Martes 17.07.2018

Razones de una moción de censura

Por segunda vez en la misma legislatura el gobierno de Mariano Rajoy se enfrenta a una moción de censura, esta vez con la excusa de una sentencia que afecta a numerosos altos cargos del PP, del partido y del Gobierno de José María Aznar.

Vale la pena recordarlo porque, que yo sepa, ningún miembro del actual gobierno, ni de la ejecutiva de ese partido figuran entre los condenados.

Entonces, ¿a qué se debe la prisa en agarrarse a esta sentencia para presentar una moción de censura, sin que esté claro que esta cuente con los votos necesarios para llevarla adelante y, sobre todo, sin que se sepa el coste de todos y cada uno de esos apoyos?

Veamos las posibles razones de cada grupo político para mirar con simpatía esta oportunidad de cambiar al gobierno del partido más apoyado en las dos últimas elecciones.

Para Pedro Sánchez, vapuleado en esas mismas elecciones y en las últimas encuestas  -el hombre que ha llevado a su partido a los peores resultados de su historia- es una oportunidad de revertir esa imagen de perdedor y aparentar liderazgo. Pero si el argumento oficial es devolver el prestigio a las instituciones ¿por qué no dejar que sean los ciudadanos quienes pongan a cada uno en su sitio? Pedro Sánchez quiere elecciones, pero no ahora. ¿Por qué? Quiere gobernar, quiere forjarse una imagen de hombre de Estado a costa de poner al país en una situación de inestabilidad presente y futura, pero además porque quiere dejar “colocados” sus peones para ese momento en que, inevitablemente, deberá convocar esas elecciones a las que, por ahora, no quiere poner fecha. ¿Tendrá algo que ver el próximo relevo de Carlos Lesmes al frente del Consejo General del Poder Judicial? ¿Los futuros relevos en el TC? Ah, y no olvidemos la elección -parece que ya dentro de poco- del futuro Director de RTVE…

¿Y qué pueden querer los otros grupos a cambio de su voto afirmativo?

Veamos a los nacionalistas. Sus votos siempre han tenido un precio, en dinero o en concesiones y con frecuencia ambas.

Empecemos por el PNV. Acaban de estrujar la bolsa de los Presupuestos Generales de Estado así que la cosa no va de dinero pero ¿Qué tal si el futuro Presidente del Gobierno acepta la redacción del nuevo Estatuto vasco que están preparando y que reivindica, entre otras “menudencias”, el derecho a la autodeterminación?

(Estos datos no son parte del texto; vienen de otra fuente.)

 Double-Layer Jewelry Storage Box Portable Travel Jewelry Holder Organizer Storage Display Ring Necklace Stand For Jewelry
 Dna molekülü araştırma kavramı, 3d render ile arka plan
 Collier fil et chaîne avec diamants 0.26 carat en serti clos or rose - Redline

Por parte de los separatistas catalanes ya lo han dicho; salida de los políticos presos y regreso de los fugados (aunque no sé cómo se obliga a volver a quién huyó por voluntad propia…). Una postura lógica en quienes tenían como una de sus prioridades poder nombrar a dedo a jueces y fiscales. Esto sin contar, con la exigencia de un referéndum “legal”. ¿Estará el futuro presidente del Gobierno dispuesto a estas concesiones a cambio de esos votos rupturistas?

A Pablo Iglesias ha venido Dios a verle. En medio de la polémica sobre su casoplón (perdón por el coloquialismo) consigue desviar la atención, no solo de sus militantes sino de toda la opinión pública, hacia otro asunto que le permite sacar pecho y retomar su maltrecho liderazgo. Además de permitirle cumplir el principal encargo de su financiador, el inefable Maduro, desestabilizar a España.

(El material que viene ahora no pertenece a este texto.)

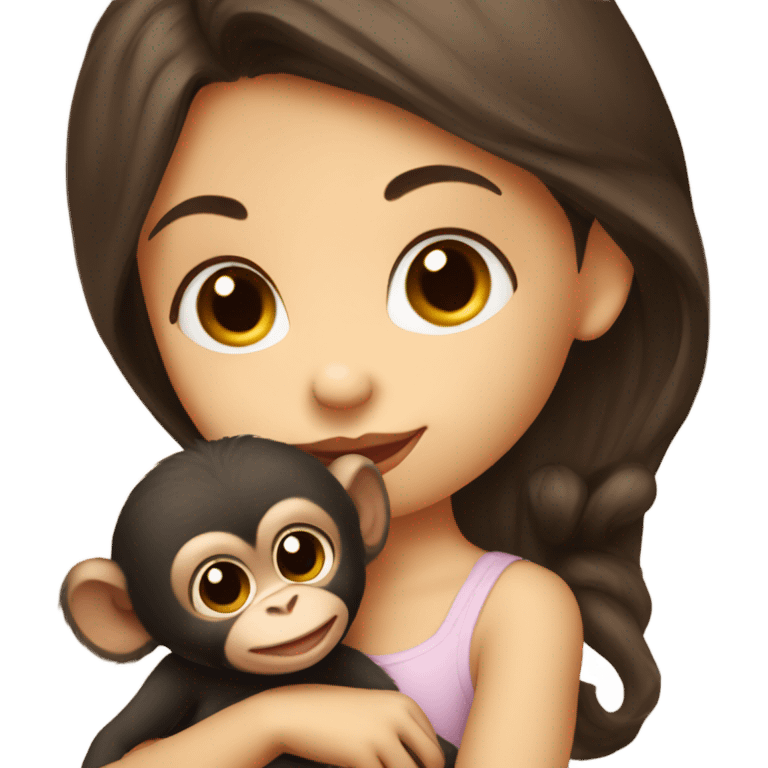 Girl with dark brown hair kissing baby monkey   emoji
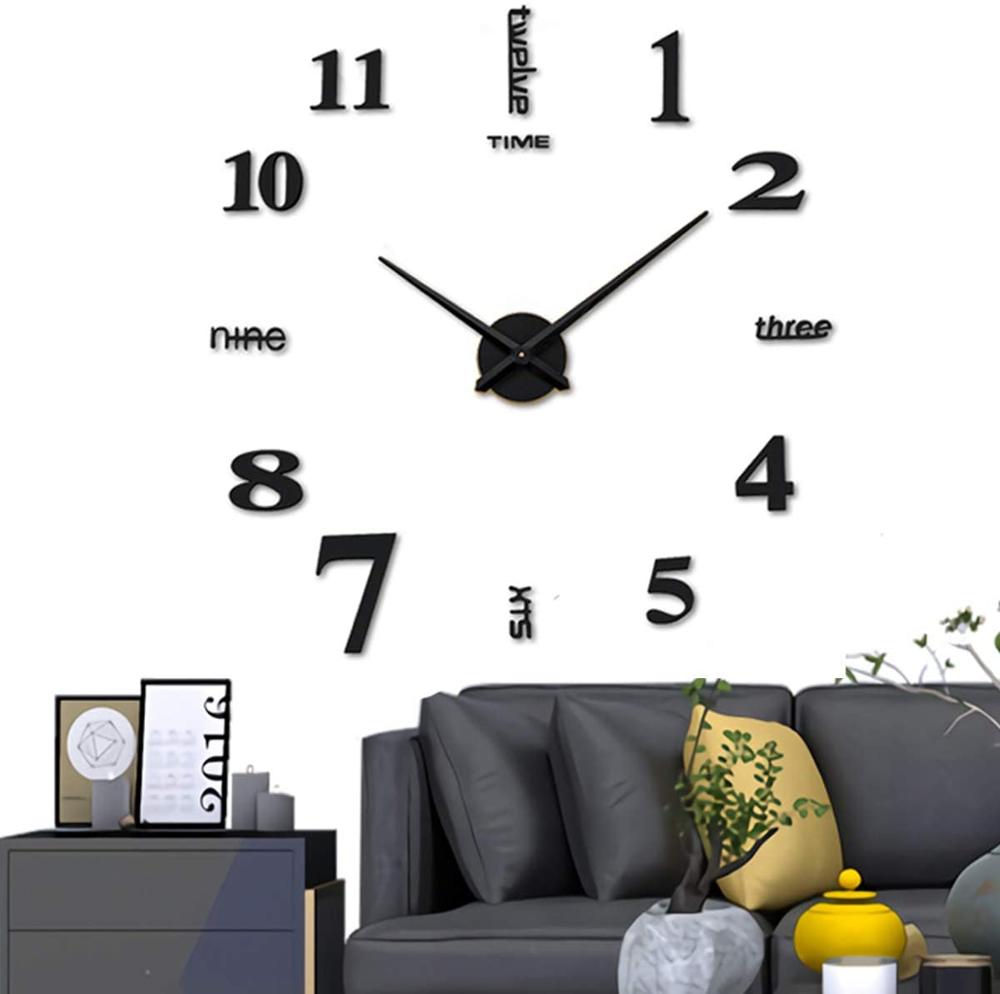 3D DIY Large Wall Clock Acrylic Metal Mirror Wall Stickers Clock Modern Super Sticker Digital Watches Clocks Home Decor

Para Ciudadanos es la ocasión de seguir con la senda de distanciamiento del gobierno del PP iniciada estos últimos meses.  Para demostrar que ellos son los únicos que saben hacer frente a los separatistas ante la supuesta inacción del Gobierno.

Una ensalada de intereses en la que el ingrediente menor es el interés del país, de sus ciudadanos. En la que los egos personales se sitúan por encima de cualquier consideración hacia aquellos de quienes realmente dependen y cuyos intereses aseguran defender: ¡NOSOTROS LOS CIUDADANOS!